We affirm appellant Calvert's conviction as an aider and abettor of the robbery.
3) Conspiracy convictions.
Bradley and Calvert were both charged in Count 3, and were convicted of violating 18 U.S.C. 371, which reads:
'If two or more persons conspire either to commit any offense against the United States, or to defraud the United States, or any agency thereof in any manner or for any purpose, and one or more of such persons do any act to effect the object of the conspiracy, each shall be fined not more than $10,000 or imprisoned not more than five years, or both.'
The commission of a substantive offense and a conspiracy to commit it are separate and distinct crimes, and a plea of double jeopardy does not arise on a conviction for both. Pinkerton v. United States, 328 U.S. 640, 643, 644, 66 S.Ct. 1180, 90 L.Ed. 1489; Pereira v. United States, 347 U.S. 1, 11, 74 S.Ct. 358, 98 L.Ed. 435 (1953); Callanan v. United States, 364 U.S. 587, 590, 81 S.Ct. 321, 5 L.Ed.2d 312 (1960). Neither does a conviction for a substantive offense in any way merge a conspiracy charge into the substantive crime. Callanan v. United States, supra, 364 U.S. at 587, 81 S.Ct. 321. In Pereira, supra, 347 U.S., at 11, 74 S.Ct. 358, the Court specifically held that aiding and abetting, under the facts of that case, was a separate crime from conspiring. We can find no meaningful distinction in the facts presented here.
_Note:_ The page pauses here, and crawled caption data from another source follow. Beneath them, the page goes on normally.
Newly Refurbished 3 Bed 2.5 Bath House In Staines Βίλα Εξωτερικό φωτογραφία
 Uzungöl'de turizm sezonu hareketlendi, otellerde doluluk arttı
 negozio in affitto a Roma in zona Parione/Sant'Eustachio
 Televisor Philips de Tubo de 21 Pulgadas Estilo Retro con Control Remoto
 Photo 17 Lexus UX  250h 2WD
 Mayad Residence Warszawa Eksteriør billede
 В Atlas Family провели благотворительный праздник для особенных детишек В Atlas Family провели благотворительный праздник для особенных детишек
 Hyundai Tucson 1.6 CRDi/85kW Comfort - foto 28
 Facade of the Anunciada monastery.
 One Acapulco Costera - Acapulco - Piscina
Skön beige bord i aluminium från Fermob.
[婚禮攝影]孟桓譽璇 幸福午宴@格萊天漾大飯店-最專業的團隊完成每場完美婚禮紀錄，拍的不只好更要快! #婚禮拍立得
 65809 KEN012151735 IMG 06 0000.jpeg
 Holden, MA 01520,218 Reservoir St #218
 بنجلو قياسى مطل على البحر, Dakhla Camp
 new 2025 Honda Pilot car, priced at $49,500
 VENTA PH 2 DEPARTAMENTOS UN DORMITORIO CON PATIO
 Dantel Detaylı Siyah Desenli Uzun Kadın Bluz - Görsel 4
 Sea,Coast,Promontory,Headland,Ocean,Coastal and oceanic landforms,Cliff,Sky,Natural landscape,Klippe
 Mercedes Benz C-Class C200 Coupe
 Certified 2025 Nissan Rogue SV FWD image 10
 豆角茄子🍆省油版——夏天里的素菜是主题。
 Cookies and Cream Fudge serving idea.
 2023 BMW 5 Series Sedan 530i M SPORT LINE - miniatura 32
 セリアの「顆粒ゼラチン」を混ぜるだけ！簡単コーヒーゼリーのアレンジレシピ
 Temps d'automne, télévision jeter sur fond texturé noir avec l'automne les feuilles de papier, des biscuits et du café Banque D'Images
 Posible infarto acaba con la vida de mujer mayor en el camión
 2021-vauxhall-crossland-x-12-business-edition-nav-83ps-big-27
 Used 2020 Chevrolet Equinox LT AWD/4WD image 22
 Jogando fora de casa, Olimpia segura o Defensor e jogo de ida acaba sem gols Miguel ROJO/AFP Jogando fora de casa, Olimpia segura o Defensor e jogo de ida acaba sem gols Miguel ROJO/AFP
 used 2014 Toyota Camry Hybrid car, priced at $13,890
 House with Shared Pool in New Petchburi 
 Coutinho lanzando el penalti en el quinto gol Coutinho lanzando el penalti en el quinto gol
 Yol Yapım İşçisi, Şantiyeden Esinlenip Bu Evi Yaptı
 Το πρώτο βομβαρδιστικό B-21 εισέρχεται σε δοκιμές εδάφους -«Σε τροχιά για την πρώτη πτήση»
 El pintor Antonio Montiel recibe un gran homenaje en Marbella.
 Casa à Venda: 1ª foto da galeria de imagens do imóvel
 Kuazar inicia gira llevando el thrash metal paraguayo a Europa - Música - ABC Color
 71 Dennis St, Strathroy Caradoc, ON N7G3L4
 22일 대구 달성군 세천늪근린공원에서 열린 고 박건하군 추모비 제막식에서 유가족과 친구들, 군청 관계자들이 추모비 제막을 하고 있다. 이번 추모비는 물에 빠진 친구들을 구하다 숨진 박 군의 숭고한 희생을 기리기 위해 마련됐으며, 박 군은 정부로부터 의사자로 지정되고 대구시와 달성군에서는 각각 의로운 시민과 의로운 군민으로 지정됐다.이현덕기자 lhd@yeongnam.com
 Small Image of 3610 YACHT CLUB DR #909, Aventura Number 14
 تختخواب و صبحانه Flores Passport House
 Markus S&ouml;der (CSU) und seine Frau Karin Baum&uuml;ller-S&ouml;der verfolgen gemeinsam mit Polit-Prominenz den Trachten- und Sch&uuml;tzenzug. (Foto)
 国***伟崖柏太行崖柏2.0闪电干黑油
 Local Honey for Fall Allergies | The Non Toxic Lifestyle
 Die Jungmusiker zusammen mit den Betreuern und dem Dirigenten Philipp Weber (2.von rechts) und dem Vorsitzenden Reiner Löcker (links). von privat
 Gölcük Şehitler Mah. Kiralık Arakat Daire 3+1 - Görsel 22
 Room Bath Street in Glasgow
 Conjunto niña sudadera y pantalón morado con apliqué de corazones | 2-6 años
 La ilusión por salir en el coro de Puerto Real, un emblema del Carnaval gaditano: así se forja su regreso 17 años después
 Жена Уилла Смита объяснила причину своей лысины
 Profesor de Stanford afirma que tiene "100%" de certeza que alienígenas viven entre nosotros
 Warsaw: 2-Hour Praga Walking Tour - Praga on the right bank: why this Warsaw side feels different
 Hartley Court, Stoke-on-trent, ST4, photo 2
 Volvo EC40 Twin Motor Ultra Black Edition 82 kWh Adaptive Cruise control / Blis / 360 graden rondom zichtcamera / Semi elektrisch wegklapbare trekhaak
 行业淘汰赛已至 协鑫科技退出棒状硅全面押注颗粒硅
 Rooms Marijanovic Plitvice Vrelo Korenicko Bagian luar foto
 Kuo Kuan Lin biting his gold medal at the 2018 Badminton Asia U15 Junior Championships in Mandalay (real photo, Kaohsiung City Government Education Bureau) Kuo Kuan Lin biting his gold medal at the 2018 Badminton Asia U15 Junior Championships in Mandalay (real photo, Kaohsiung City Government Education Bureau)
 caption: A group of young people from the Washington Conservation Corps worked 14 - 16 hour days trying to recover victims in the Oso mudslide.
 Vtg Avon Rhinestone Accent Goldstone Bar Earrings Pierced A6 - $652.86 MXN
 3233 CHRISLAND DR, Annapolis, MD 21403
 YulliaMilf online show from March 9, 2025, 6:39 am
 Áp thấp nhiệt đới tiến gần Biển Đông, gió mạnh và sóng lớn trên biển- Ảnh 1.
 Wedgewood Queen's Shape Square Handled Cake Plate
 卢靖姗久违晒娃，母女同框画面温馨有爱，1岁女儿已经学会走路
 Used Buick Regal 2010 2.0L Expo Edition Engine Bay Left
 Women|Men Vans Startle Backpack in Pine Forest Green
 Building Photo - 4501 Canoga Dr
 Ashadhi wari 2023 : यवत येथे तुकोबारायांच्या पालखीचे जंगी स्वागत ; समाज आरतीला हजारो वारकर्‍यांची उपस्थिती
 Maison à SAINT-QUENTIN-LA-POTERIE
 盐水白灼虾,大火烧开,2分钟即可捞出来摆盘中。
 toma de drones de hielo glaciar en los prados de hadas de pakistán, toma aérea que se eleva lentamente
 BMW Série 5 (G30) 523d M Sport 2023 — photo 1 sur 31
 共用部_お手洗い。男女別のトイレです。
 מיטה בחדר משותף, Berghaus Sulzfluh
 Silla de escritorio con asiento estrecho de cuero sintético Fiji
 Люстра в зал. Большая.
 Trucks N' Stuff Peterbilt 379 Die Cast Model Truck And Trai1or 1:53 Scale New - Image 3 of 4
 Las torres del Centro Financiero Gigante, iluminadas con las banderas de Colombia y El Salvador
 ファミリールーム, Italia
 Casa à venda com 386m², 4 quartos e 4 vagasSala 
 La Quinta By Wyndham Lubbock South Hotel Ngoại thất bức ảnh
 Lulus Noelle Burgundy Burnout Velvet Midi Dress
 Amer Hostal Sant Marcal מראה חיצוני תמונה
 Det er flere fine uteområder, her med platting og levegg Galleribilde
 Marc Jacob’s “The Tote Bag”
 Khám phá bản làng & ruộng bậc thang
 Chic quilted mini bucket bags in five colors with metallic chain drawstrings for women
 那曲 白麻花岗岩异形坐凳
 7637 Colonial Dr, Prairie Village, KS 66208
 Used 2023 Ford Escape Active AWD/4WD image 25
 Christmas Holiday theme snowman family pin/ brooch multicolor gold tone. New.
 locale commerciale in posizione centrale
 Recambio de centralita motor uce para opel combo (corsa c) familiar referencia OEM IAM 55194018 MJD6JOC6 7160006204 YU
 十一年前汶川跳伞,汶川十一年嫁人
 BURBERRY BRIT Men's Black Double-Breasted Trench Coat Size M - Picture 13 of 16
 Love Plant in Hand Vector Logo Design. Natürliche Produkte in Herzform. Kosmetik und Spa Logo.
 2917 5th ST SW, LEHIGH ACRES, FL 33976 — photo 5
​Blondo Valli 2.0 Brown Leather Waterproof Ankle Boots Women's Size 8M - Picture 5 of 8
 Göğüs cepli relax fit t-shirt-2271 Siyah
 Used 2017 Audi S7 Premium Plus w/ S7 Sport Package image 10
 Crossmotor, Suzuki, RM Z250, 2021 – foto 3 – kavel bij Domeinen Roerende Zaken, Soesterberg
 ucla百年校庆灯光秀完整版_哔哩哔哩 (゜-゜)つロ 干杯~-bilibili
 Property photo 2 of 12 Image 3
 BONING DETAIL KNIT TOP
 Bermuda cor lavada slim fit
The jury found that Bradley robbed the bank, aided and abetted by Calvert. We have affirmed the jury's verdict in this regard. Quite obviously, the successful prosecution of this criminal business was the product of some communication and agreement between the defendants. In criminal law this is called conspiracy. It is not for us to question the policy which prompted the prosecution to add the conspiracy count, nor the decision of the District Judge to make the sentences imposed for conspiracy consective to those given for the substantive offenses.